The Unknown Woman 2006 | Movie Watchlist
Fans of Giuseppe Tornatore's heartwarming CINEMA PARADISO (1988), may be taken aback by this thriller about sex trafficking, black-market babies, murder and vengeance. Ukrainian prostitute Irina Yaroshenko (Xenia Rappoport) has escaped her sadistic pimp… (more)
Fans of Giuseppe Tornatore's heartwarming CINEMA PARADISO (1988), may be taken aback by this thriller about sex trafficking, black-market babies, murder and vengeance.
Ukrainian prostitute Irina Yaroshenko (Xenia Rappoport) has escaped her sadistic pimp, Mold (Michele Placido), and relocated to Trieste, where she begins looking for the kind of menial work available to foreigners. But there's something odd about her job search: She doesn't seem to need to work. She wants to work in the luxury apartment building across the street from the rundown but desirably located apartment she's renting. She worms her way into the good graces of concierge Matteo (Alessandro Haber), promising him a hefty cut of her salary if he'll help, and having secured a part-time job as a cleaning woman sets her sites on Adacher family, starting with their maid/nanny, Gina (Piera Degli Esposti). She befriends and viciously betrays Gina and gets herself hired into the deeply troubled household: Valeria (Claudia Gerini) and Donato (Pierfrancesco Favino) are on the outs and appear to be staying together for the sake of their jewelry business and their pampered five-year-old Thea (Clara Dossena), who has some vague disorder that prevents her from protecting herself against injury. Constant flashbacks to Irina's life of sexual enslavement quickly make it clear that she believes Thea is the last of many children she bore as part of a babies-for-sale racket, but there are more mysteries to Irina's past, some of which emerge from the shadows to threaten the glimmer of happiness finding her daughter brings.

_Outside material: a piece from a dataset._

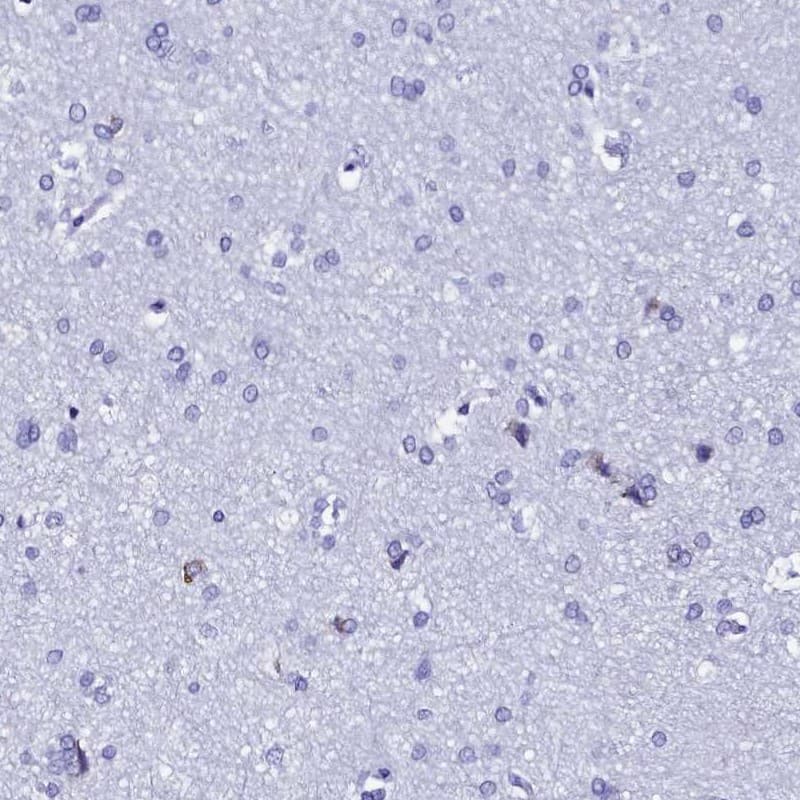 Staining of human cerebral cortex shows low expression as expected.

Much of the film has a heavily Hitchcockian gloss – including the portions of Ennio Morricone's score that echo Bernard Hermann's theme for PSYCHO (1960) – while the flashbacks recall the kind of lurid Eurotrash thrillers that once played American grind houses. It's an uneasy mix, and not an entirely successful one. But the film is flat-out gorgeous and contains moments of sheer lunacy – Irina being brutally attacked by a pair of sidewalk Santas – and a bizarre subplot in which Irina teaches Thea to defend herself by tying her up and knocking her around the Adracher's super-swank apartment that make for riveting, if creepy, viewing.